Santa Clara Valley (Cupertino) , California , United States
Software and Services
Posted: Oct 1, 2020
Role Number: 200196768
We live in a mobile and device driven world where knowledge of the physical world around us is needed. We rely on this knowledge to get around, to learn about our environment and to enable spectacular new features for custom applications. Apple is meeting those needs as robustly and as creatively as possible and is interested in people who want to help meet that commitment. The success will be the result of very skilled people working in an environment which cultivates creativity, partnership, and thinking of old problems in new ways. If this sounds like the kind of environment that you find intriguing, then let's talk. We are looking for a Manager of Site Reliability Engineers to build and run new monitoring solutions that demonstrate a myriad of technologies and tools to achieve global monitoring of applications and services.
- Experience managing an engineering team on large-scale projects with technical deep-dives into code, networking, operating systems and/or storage.
- Experience with operating business-critical systems and with successfully addressing operational failures, performing Root Cause Analysis, scheduling maintenance downtime, and implementing system-wide corrections to prevent further reoccurrence of issues
- Production level expertise with Networking, OS, Security, and application monitoring
- Experience aligning resources to meet strategic goals, mentoring and coaching employees.
- Experience in one of the following languages: Java, Python, Go
- Strong communication skills to work well with multi-functional engineering teams addressing conflicts and critical issues.

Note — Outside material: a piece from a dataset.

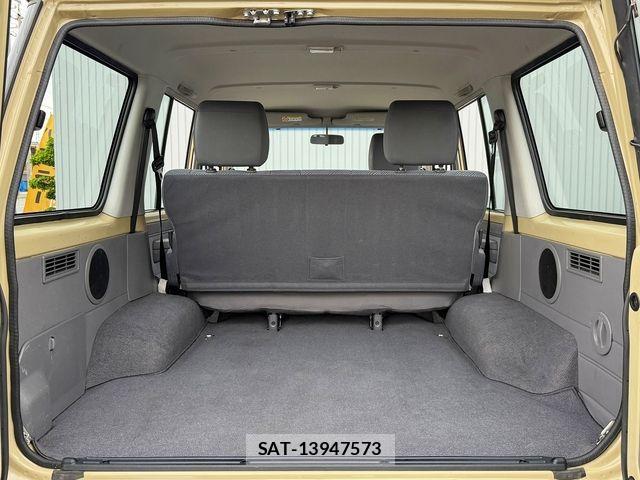 Toyota LAND CRUISER 2015-05 8100011-16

- Strong organizational skills: ability to organize and complete multiple projects of varying lengths
- Excellent verbal and written communications skills
- Ability to explain technical concepts in clear, non-technical language
As the demand for our services continues to grow rapidly we are forming a team to best position ourselves to deliver a service to the highest level, as expected at Apple. We handle very large number of sites across the globe for monitoring, and support a wide variety of business units with unique needs that we can solve. Lead a team of software/systems engineers and be directly responsible for monitoring solution design and implementation globally. Ensure the highest level of up-time and Quality of Service (QoS) to Apple's customers through operational excellence. Design, and maintain globally distributed production monitoring systems. Ownership of performance stability issues using a wide variety of tools. Identify areas to improve service resiliency through techniques such as chaos engineering, performance / load testing, etc...
Education & Experience
B.S, or M.S in Computer Science, or equivalent experience